To be plain – a lot of conceptual art is non-sense. It is no wonder that such art lacks mass appeal. The masses demand the sensual. Paradoxically, this absence of accessibility is part of its “appeal,” though the appeal is one enjoyed only by an elite in-crowd that can wink and nod among themselves that they “get it” and the ignorant masses do not. It is within this context that a critic like Tomáš Kulka can argue that kitsch deals primarily with beautiful and emotional subject matter that is identified with ease and does not substantially enrich our relationship with the subject depicted in the work of kitsch.
Everybody gets a cat.

Indeed, one of the earliest examples of kitsch is a portrait of a cat in a frill collar, issued as lithographs between 1861 and 1897 by Frederick Dielman and entitled “The Widow.” Animal portraiture is thus ripe for the accusation of kitsch. It seems overtly sentimental in its association with “cat ladies” and the uniquely bourgeois mannerisms of those who dote over their pets – the historical resonance between the aristocratic portraiture of old and people who name their dogs “Duchess.” More importantly, such subject matter is the stuff of Internet celebrity. The Internet is full of cats. People cannot get enough of them and artists like Scott have huge Internet followings.

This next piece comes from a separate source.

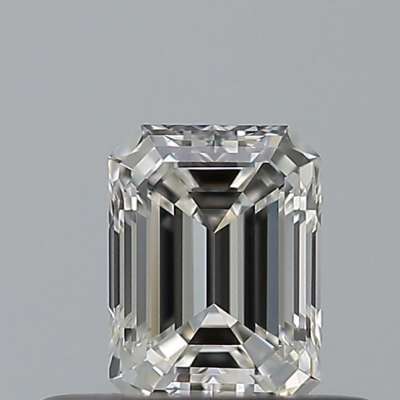 Certified Diamond GIA Carats 0.31 Color G Clarity IF  -  EX  VG Fluorescence NON Brown No Milky No EyeClean 100%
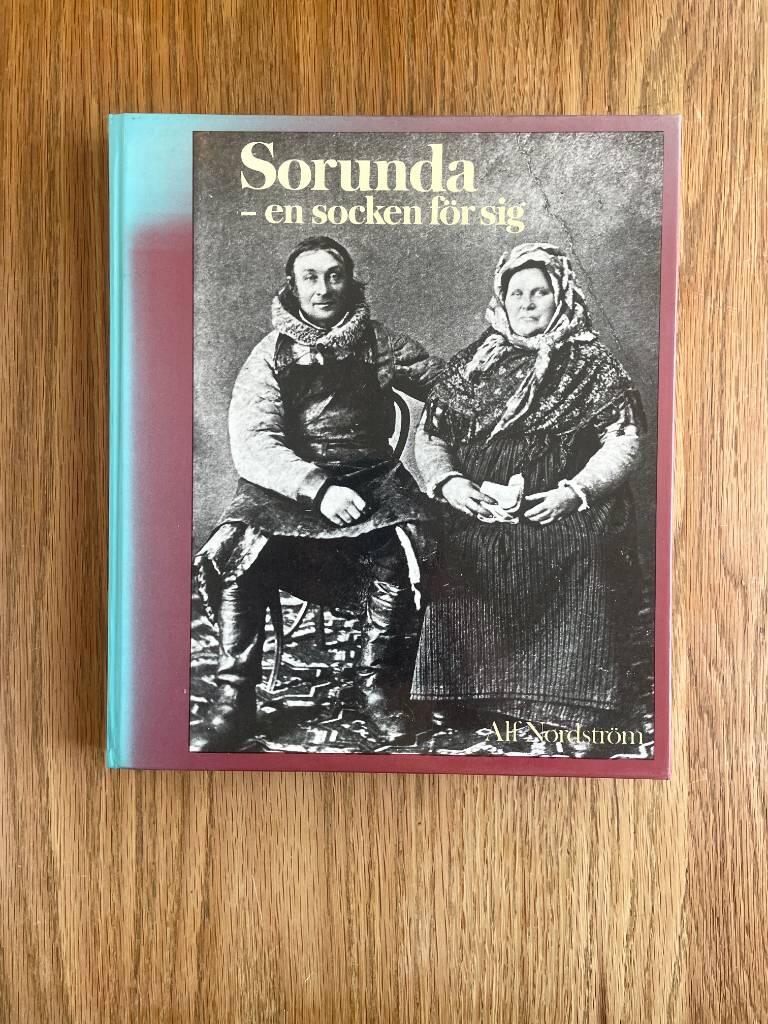 Sorunda : en socken f&ouml;r sig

Another paradox of accessibility follows from this Internet acclaim. While it’s true that artists are instructed to have a solid website, that Internet presence is important for an artist’s long-term viability and a key means by which to craft their image, message, and brand, it is also true that a certain level of Internet fandom brings with it the charge of unseriousness, of pandering, or of being low-brow. That is, Internet celebrity is shorthand for the distinctive kitsch of the digital era.
In our time of digital kitsch, the means of reproduction have shifted from the merely mechanical to the digital. In this shift, an acceleration of the speed of the reproduction, its similarity to the original (due to larger file sizes, high definition screen resolution and in-home printing capacity), and the practically inexhaustible number of reproductions that can be generated from a single digital file provide such a change in magnitude that a qualitative transformation follows from it. The time of kitsch becomes different, as does the space of its configuration. People no longer seek the object for permanent display in their homes or offices. Instead, they are motivated to share temporary and passing encounters with these works on the “walls” of their Facebook page, on their Twitter feeds, and over Instagram. Accessibility itself is intensified. Only an Internet connection is required. No one has to go anywhere or purchase a print. No one really has to leave their computer – social media has generated the digital economy of kitsch in its current form. Endlessly repeatable, the image takes on an exponentially increasing range of interpretations as it enters into various digital contexts and is shared with messages derived from a multitude of individuals with many different motivations for sharing the work.

This explains, in part, what gives rise to the two paradoxes discussed above. The art of digital kitsch is the art of being immediately sensible, and so immediately and intuitively grasped that the person acts on it within a very narrow time frame. It has to catch their eye. It must grip them, and they must feel moved in that moment to share it – often with a written message that, if not directly brought about by the sensation of the work of art, then is at least readily associated with it. Thus, the representational must take precedence over the conceptual. In fact, more baldly sensuous the work, the more it currency it has in the digital economy. This confounds the artist.
We have heard of the death of the author, and here follows the artist into digital oblivion. The argument for the artist’s website is one about maintaining identity – it’s about centralization. Social media renders the artwork radically decentralized, such that the artist risks losing the work of art to the masses entirely. The passage into the digital reduces the artist’s signature, thereby again de-emphasizing the message, the meaning, intended by the artist in the work of art.
In many ways, artists like Iris Scott whose regal portraits of cats and of dogs shaking luminously colored and textured arrays of water off their coats (see fig. 5 above) are following in the wake of Norwegian artists like Odd Nerdrum and Jan-Ove Tuv, who proclaim kitsch as a counter-narrative to the art-world’s overemphasis on conceptualization. These artists liken a positive sense of “kitsch” to the craft oriented art works of the ancient Greeks and Romans. These are sensuous works that take inspiration from the Old Masters, Romanticism, and do not shy away from the emotional.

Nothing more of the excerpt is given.